Not all applications will have full Android support

May 12, 2015 02:44 GMT  ·  By

Microsoft announced Android apps support in Windows Phone in late April, but shared few details on how developers will be able to port their apps and how users will be able to download them.

In an interview for TechRadar, Microsoft's Kevin Gallo sheds some light on how Android apps will work on Windows 10 for Phones and what it really means for developers to be able to port their apps to Windows Phone.

First of all, according to him users will get applications from the Windows Phone Store rather than from Google Play. Also, these applications won't use Google services at all, so developers will have to switch to other services like Microsoft Ads and App Insights when porting their apps to Windows Phone.

Porting an Android application to Windows Phone will only require developers to switch Google services with Microsoft's, so there will be “zero or very little modification” by devs.

Additional Microsoft services will be added to Project Astoria, which are meant to replace Google services. In the end, developers should be able to switch to Bing Maps instead of Google Maps, Xbox Live rather than Google Play, and Windows notification service instead of Android push.

However, those applications that are strongly integrated with Google services will not work well on Windows Phone. According to Gallo, Android messaging apps will have issues on Windows Phone platform, but in the end “it also comes down to performance.”

Android apps ported should offer better performance and battery life

When Windows 10 Mobile launches this fall, users will be able to run Android applications. Microsoft has already confirmed that Windows 10 Mobile comes with an Android subsystem which will probably be based on KitKat operating system.

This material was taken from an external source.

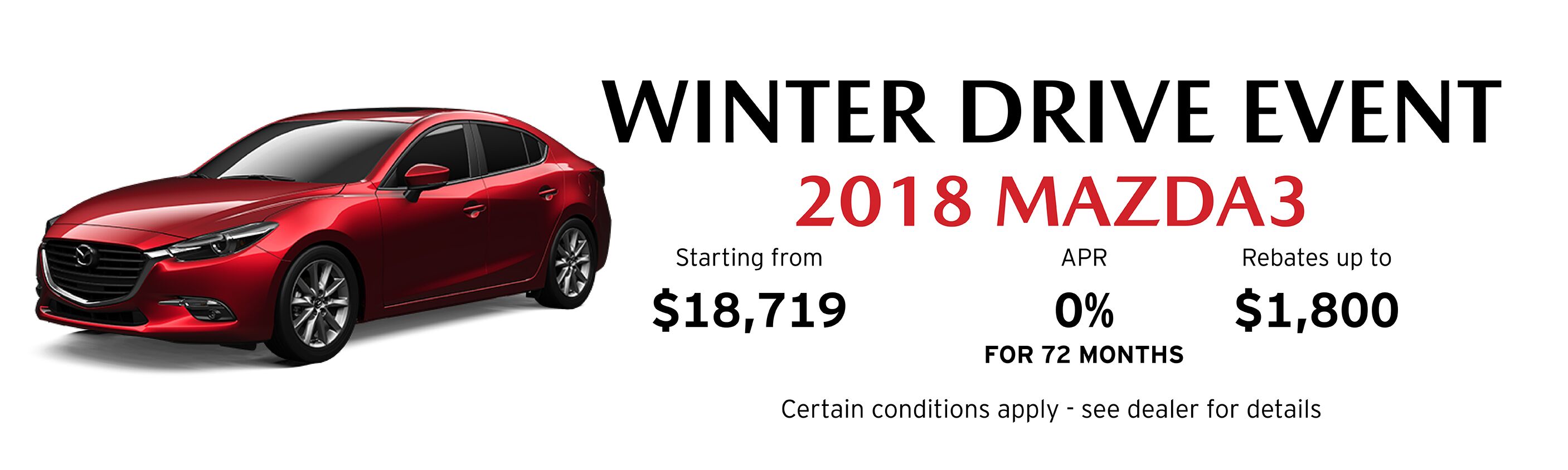 2018 Mazda3 2018 Mazda3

According to Gallo, his company thinks that, because this is AOSP, they will have decent compatibility. He also explained that the Android apps would run in their own container, as a universal app “so we use a middleware layer for translating APIs across but they still run in the Windows app security model.”

Because of how Android apps will run on Windows 10 Mobile, performance and battery life should be better over Android, “Apps are not running in the background and there are some changes made so they behave like a well-behaved app.”